1 Introduction – Representing, Remembering and Rewriting Women’s Histories of the First World War

Maggie Andrews, Alison Fell, Lucy Noakes and June Purvis
As Dan Todman has persuasively argued, in the British popular imagination the First World War is associated with mud, barbed wire, the trenches and the Tommy on the Western Front.1 Perhaps inevitably, therefore, public commemoration of the war has often been dominated by a focus on the men in the armed forces, who risked or lost their lives for causes that at the time may or may not have seemed heroic, noble or simply unavoidable. The visual spectacle of Paul Cummins’ ‘Blood Swept Lands and Seas of Red’, the art installation at the Tower of London in which 888,246 ceramic poppies filled the moat from 17 July to 11 November 2014, was the most visited artistic response to the war in its centenary years, while Jeremy Deller’s ‘We’re Here Because We’re Here’, commemorating the first day of the Battle of the Somme, provided a widely seen and moving memorial to the victims.2 This vision of the conflict, focusing exclusively on the combatant dead, should not, however, become the only history of the conflict. There are, as the research brought together here demonstrates, multiple histories of the First World War.
Where women have been included in centenary commemorations, certain women feature more than others. This selectivity in the representation of women occurred during the First World War itself, and since the conflict has been reproduced in museums and by heritage sites. It has provided a lexicon of images, impressions, roles and portrayals of women which still tend to shape the histories of women and the conflict. The Imperial War Museum’s project Lives of the First World War, for example, has pulled together the life stories of over eight million men and women from across Britain and the Commonwealth who served in uniform and worked on the Home Front during the First World War. However, its narrow definition of service as paid work outside the home has re-enforced the tendency to reproduce iconic images of nurses, munitionettes and landgirls.
The articles in this Special Issue are drawn from papers presented at the ‘Women, Gender and the First World War: Home Fronts and War Fronts’ conference held at the University of Portsmouth in October 2015.3 The articles are by both established and newly emerging scholars, but all build upon the work of a number of historians who, in recent years have resisted any simplistic framing of the debates about women and war. They do not, then, stake a claim for women’s importance in the histories of the war by presenting them as heroic ‘female Tommies’, or by seeing war as an agent of positive change for women’s position in society, a perspective articulated by Arthur Marwick over fifty years ago.4 Rather, the articles presented here are in the tradition of historians such as Susan Grayzel,5 Christine Hallett,6 Deborah Thom,7 Joanna Bourke,8 Susan Pedersen,9 Karen Hunt,10 Susan Kingsley Kent,11 Nicoletta Gullace12 and Janet Watson,13 who have sought to stretch, challenge, expand and rework histories of the First World War. Building on this historiography, they place women’s histories and questions about gender more centrally in our understanding of the conflict. Gender, class, age, and the social, cultural and economic specificity of the different localities in which British women lived, shaped the impact of the First World War on their lives. The articles in this Special Issue demonstrate that women’s involvements in this first industrialized, mechanized total war was experienced, represented and remembered in the minutiae of practices, cultural interactions and emotions of their everyday lives in families or communities. Thus their choice of mourning dress, the music they listened to, the moral panics around their behaviour and the magazines in which they were portrayed are revealed to be an important part of the history of the First World War, complementing the history of soldiers on the battlefield.

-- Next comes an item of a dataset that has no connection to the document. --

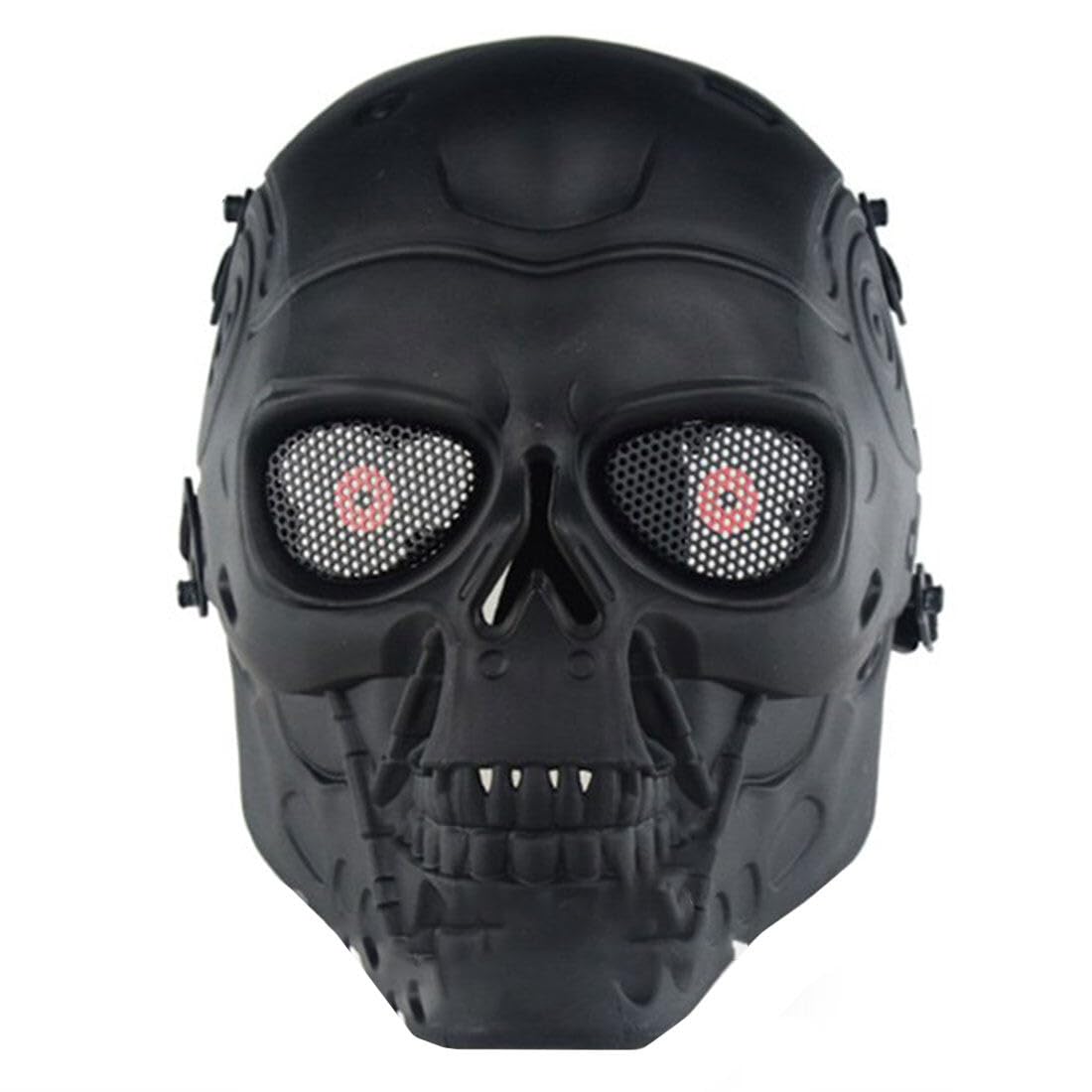 Joytopiaminds Steampunk Full-Face Robotic Thriller Mask, Hand-Painted TPR Role-Play Prop for Halloween, Cosplay & Parties — image 1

The critical approach of Jonathan Rayner’s article ‘The Carer, the Combatant and the Clandestine’, exploring the representation of women in War Illustrated magazine, is a welcome contribution to contemporary scholarship. He draws our attention to how central images of female civilians in Europe were to British narratives of German atrocities. Further, he illuminates the complex representation of female nurses, who were portrayed both as vulnerable carers and potential victims whilst paradoxically as active heroines, involved in activities that could be viewed as transgressive in gender terms. Sarah Pedersen’s article ‘Suffragettes and the Scottish Press during the First World War’ also focuses on the representation of women during the conflict in print media. In doing so it unpicks the myth that all suffragettes suspended lobbying and campaigning in order to support the war effort and explores some of their more complex and varied responses. The continuing lobbying of the British section of the Women’s International League for the franchise discussed in Sarah Hellawell’s article ‘Antimilitarism, Citizenship and Motherhood: the formation and early years of the Women’s International League (WIL), 1915–1919’ re-enforces this point.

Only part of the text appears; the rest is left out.